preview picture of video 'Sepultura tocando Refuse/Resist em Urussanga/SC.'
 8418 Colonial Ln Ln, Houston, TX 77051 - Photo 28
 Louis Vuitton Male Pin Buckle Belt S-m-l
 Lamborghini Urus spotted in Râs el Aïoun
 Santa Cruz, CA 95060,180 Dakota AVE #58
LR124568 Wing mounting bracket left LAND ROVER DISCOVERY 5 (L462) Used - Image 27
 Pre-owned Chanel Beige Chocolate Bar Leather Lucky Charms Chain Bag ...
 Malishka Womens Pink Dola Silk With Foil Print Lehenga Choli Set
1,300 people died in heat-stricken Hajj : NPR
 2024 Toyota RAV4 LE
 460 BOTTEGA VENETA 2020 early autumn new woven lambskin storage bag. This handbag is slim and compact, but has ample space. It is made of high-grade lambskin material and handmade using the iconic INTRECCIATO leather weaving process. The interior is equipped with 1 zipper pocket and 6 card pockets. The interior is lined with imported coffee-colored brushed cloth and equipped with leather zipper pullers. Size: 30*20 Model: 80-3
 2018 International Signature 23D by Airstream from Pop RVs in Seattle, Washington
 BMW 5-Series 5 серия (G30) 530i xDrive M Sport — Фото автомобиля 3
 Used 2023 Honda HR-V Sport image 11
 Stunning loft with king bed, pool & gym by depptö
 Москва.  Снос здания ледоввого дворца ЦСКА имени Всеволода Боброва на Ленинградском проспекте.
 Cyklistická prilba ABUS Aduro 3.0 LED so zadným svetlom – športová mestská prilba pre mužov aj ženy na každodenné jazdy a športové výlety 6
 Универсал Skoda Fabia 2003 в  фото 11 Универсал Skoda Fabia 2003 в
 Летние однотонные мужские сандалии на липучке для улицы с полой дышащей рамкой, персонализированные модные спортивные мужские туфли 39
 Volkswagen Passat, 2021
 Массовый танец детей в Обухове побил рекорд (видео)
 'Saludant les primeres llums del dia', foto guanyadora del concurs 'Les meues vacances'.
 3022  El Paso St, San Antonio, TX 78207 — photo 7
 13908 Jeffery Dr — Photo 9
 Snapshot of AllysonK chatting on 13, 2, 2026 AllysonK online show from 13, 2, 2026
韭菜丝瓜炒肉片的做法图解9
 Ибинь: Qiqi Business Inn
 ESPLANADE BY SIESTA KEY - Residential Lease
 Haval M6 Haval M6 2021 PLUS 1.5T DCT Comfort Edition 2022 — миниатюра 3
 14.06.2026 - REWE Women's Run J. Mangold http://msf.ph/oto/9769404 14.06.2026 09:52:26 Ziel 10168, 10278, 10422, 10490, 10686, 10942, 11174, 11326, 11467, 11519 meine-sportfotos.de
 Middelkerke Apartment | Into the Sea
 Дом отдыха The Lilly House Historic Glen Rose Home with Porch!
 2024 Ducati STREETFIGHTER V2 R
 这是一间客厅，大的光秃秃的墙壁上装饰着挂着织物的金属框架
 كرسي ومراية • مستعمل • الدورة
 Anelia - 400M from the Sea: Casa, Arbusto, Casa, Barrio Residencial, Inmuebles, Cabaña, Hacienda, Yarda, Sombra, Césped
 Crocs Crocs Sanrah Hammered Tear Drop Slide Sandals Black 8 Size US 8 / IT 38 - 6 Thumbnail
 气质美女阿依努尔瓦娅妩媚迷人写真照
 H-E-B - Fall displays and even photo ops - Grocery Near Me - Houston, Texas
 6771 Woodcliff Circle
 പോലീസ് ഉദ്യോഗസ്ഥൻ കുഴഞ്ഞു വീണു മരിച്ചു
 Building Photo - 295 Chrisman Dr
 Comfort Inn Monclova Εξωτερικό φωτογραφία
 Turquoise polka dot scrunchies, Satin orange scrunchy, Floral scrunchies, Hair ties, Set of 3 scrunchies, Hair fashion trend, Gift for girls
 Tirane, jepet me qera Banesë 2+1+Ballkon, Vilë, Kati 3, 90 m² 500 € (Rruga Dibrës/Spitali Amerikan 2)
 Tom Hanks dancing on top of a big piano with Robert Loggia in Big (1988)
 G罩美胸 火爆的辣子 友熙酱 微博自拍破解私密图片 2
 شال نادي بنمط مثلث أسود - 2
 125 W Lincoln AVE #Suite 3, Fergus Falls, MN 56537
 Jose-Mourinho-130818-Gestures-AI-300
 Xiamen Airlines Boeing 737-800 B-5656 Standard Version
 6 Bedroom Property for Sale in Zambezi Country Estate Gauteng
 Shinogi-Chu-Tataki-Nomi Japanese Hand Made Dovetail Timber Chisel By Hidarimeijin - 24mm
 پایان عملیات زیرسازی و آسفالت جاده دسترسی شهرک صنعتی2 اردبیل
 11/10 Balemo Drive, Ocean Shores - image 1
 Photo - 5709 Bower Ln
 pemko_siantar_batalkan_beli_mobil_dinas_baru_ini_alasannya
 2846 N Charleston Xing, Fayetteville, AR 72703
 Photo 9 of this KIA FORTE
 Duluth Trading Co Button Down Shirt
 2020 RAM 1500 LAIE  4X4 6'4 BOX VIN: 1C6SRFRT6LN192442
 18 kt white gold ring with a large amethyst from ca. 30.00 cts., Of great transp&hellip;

→ **EXERCISE BRIEF**
All of the data must be returned exactly.

→ **TASK RESPONSE**
preview picture of video 'Sepultura tocando Refuse/Resist em Urussanga/SC.'
 8418 Colonial Ln Ln, Houston, TX 77051 - Photo 28
 Louis Vuitton Male Pin Buckle Belt S-m-l
 Lamborghini Urus spotted in Râs el Aïoun
 Santa Cruz, CA 95060,180 Dakota AVE #58
LR124568 Wing mounting bracket left LAND ROVER DISCOVERY 5 (L462) Used - Image 27
 Pre-owned Chanel Beige Chocolate Bar Leather Lucky Charms Chain Bag ...
 Malishka Womens Pink Dola Silk With Foil Print Lehenga Choli Set
1,300 people died in heat-stricken Hajj : NPR
 2024 Toyota RAV4 LE
 460 BOTTEGA VENETA 2020 early autumn new woven lambskin storage bag. This handbag is slim and compact, but has ample space. It is made of high-grade lambskin material and handmade using the iconic INTRECCIATO leather weaving process. The interior is equipped with 1 zipper pocket and 6 card pockets. The interior is lined with imported coffee-colored brushed cloth and equipped with leather zipper pullers. Size: 30*20 Model: 80-3
 2018 International Signature 23D by Airstream from Pop RVs in Seattle, Washington
 BMW 5-Series 5 серия (G30) 530i xDrive M Sport — Фото автомобиля 3
 Used 2023 Honda HR-V Sport image 11
 Stunning loft with king bed, pool & gym by depptö
 Москва.  Снос здания ледоввого дворца ЦСКА имени Всеволода Боброва на Ленинградском проспекте.
 Cyklistická prilba ABUS Aduro 3.0 LED so zadným svetlom – športová mestská prilba pre mužov aj ženy na každodenné jazdy a športové výlety 6
 Универсал Skoda Fabia 2003 в  фото 11 Универсал Skoda Fabia 2003 в
 Летние однотонные мужские сандалии на липучке для улицы с полой дышащей рамкой, персонализированные модные спортивные мужские туфли 39
 Volkswagen Passat, 2021
 Массовый танец детей в Обухове побил рекорд (видео)
 'Saludant les primeres llums del dia', foto guanyadora del concurs 'Les meues vacances'.
 3022  El Paso St, San Antonio, TX 78207 — photo 7
 13908 Jeffery Dr — Photo 9
 Snapshot of AllysonK chatting on 13, 2, 2026 AllysonK online show from 13, 2, 2026
韭菜丝瓜炒肉片的做法图解9
 Ибинь: Qiqi Business Inn
 ESPLANADE BY SIESTA KEY - Residential Lease
 Haval M6 Haval M6 2021 PLUS 1.5T DCT Comfort Edition 2022 — миниатюра 3
 14.06.2026 - REWE Women's Run J. Mangold http://msf.ph/oto/9769404 14.06.2026 09:52:26 Ziel 10168, 10278, 10422, 10490, 10686, 10942, 11174, 11326, 11467, 11519 meine-sportfotos.de
 Middelkerke Apartment | Into the Sea
 Дом отдыха The Lilly House Historic Glen Rose Home with Porch!
 2024 Ducati STREETFIGHTER V2 R
 这是一间客厅，大的光秃秃的墙壁上装饰着挂着织物的金属框架
 كرسي ومراية • مستعمل • الدورة
 Anelia - 400M from the Sea: Casa, Arbusto, Casa, Barrio Residencial, Inmuebles, Cabaña, Hacienda, Yarda, Sombra, Césped
 Crocs Crocs Sanrah Hammered Tear Drop Slide Sandals Black 8 Size US 8 / IT 38 - 6 Thumbnail
 气质美女阿依努尔瓦娅妩媚迷人写真照
 H-E-B - Fall displays and even photo ops - Grocery Near Me - Houston, Texas
 6771 Woodcliff Circle
 പോലീസ് ഉദ്യോഗസ്ഥൻ കുഴഞ്ഞു വീണു മരിച്ചു
 Building Photo - 295 Chrisman Dr
 Comfort Inn Monclova Εξωτερικό φωτογραφία
 Turquoise polka dot scrunchies, Satin orange scrunchy, Floral scrunchies, Hair ties, Set of 3 scrunchies, Hair fashion trend, Gift for girls
 Tirane, jepet me qera Banesë 2+1+Ballkon, Vilë, Kati 3, 90 m² 500 € (Rruga Dibrës/Spitali Amerikan 2)
 Tom Hanks dancing on top of a big piano with Robert Loggia in Big (1988)
 G罩美胸 火爆的辣子 友熙酱 微博自拍破解私密图片 2
 شال نادي بنمط مثلث أسود - 2
 125 W Lincoln AVE #Suite 3, Fergus Falls, MN 56537
 Jose-Mourinho-130818-Gestures-AI-300
 Xiamen Airlines Boeing 737-800 B-5656 Standard Version
 6 Bedroom Property for Sale in Zambezi Country Estate Gauteng
 Shinogi-Chu-Tataki-Nomi Japanese Hand Made Dovetail Timber Chisel By Hidarimeijin - 24mm
 پایان عملیات زیرسازی و آسفالت جاده دسترسی شهرک صنعتی2 اردبیل
 11/10 Balemo Drive, Ocean Shores - image 1
 Photo - 5709 Bower Ln
 pemko_siantar_batalkan_beli_mobil_dinas_baru_ini_alasannya
 2846 N Charleston Xing, Fayetteville, AR 72703
 Photo 9 of this KIA FORTE
 Duluth Trading Co Button Down Shirt
 2020 RAM 1500 LAIE  4X4 6'4 BOX VIN: 1C6SRFRT6LN192442
 18 kt white gold ring with a large amethyst from ca. 30.00 cts., Of great transp&hellip;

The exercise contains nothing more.